• [Your objective]
Could you transcribe exactly the lines below, from the line with "Стентирование с коронарной ангиопластикой Стентирование" through the line with "Gum Surgery Treatment", and nothing else, leaving out the pictures?

• [Data]

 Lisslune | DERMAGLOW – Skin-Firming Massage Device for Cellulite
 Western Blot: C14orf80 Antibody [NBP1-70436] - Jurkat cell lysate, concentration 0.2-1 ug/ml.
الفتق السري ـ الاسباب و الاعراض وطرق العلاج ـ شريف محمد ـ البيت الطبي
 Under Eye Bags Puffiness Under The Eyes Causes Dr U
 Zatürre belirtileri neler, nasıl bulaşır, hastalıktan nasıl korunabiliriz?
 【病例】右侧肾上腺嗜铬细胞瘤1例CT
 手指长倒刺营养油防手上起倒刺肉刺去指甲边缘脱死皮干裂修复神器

...

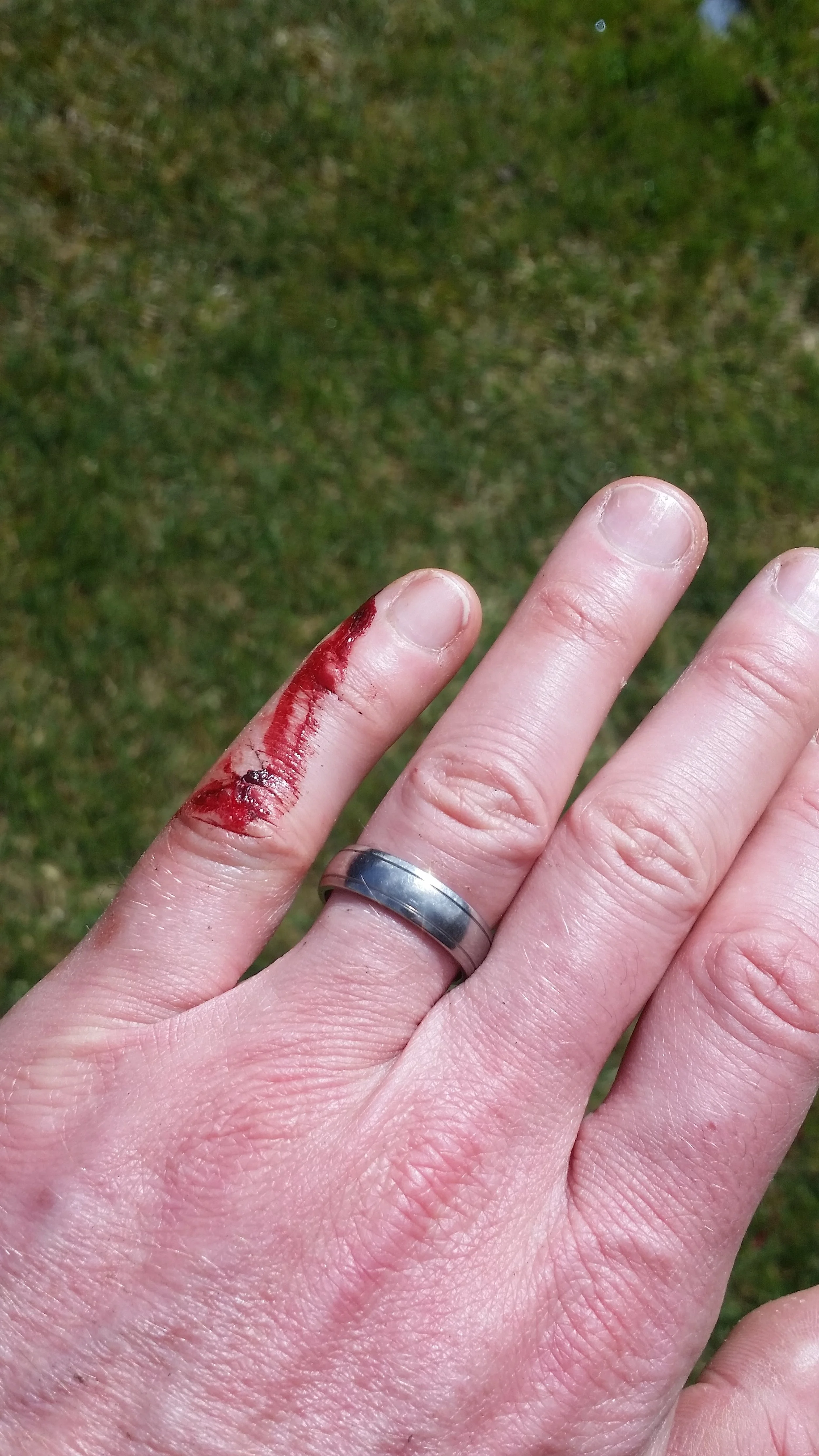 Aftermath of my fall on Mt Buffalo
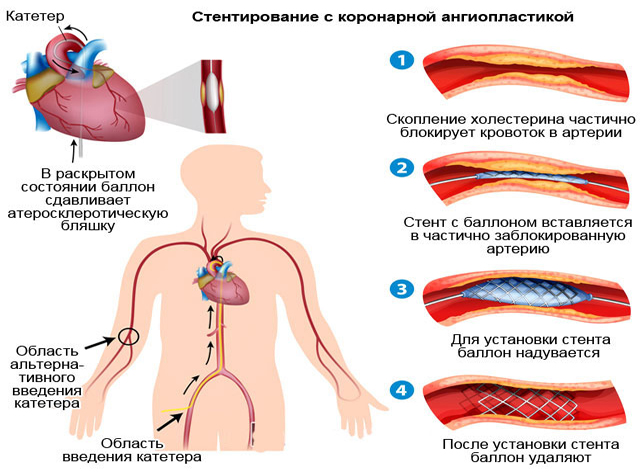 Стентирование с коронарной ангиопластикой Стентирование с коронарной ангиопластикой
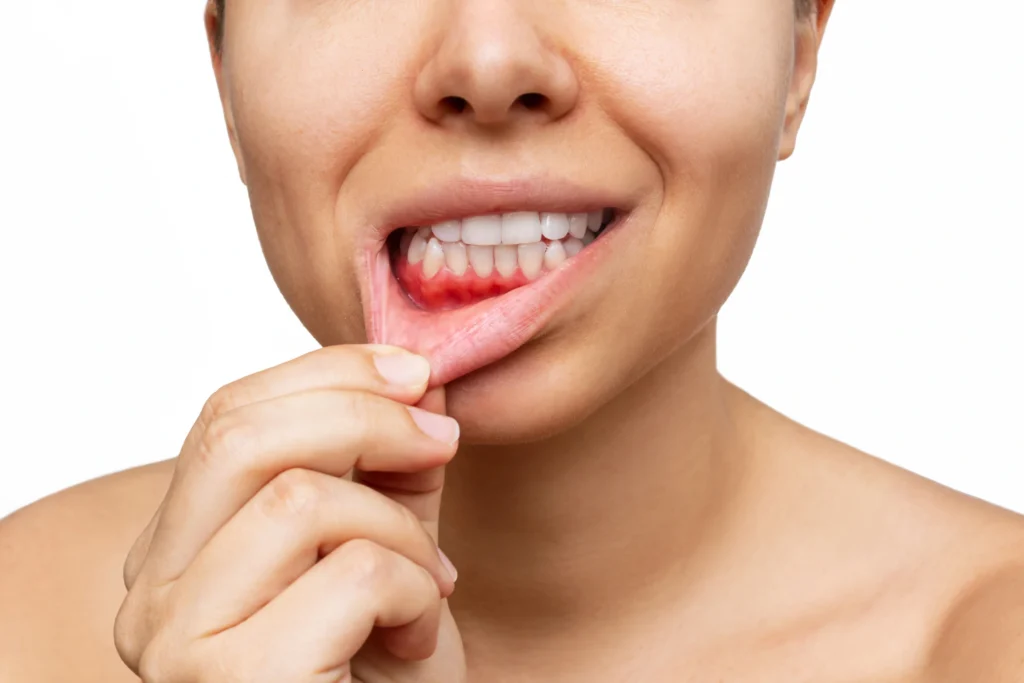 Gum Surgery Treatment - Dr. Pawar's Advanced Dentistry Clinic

• [Output of the exercise]
 Стентирование с коронарной ангиопластикой Стентирование с коронарной ангиопластикой
 Gum Surgery Treatment - Dr. Pawar's Advanced Dentistry Clinic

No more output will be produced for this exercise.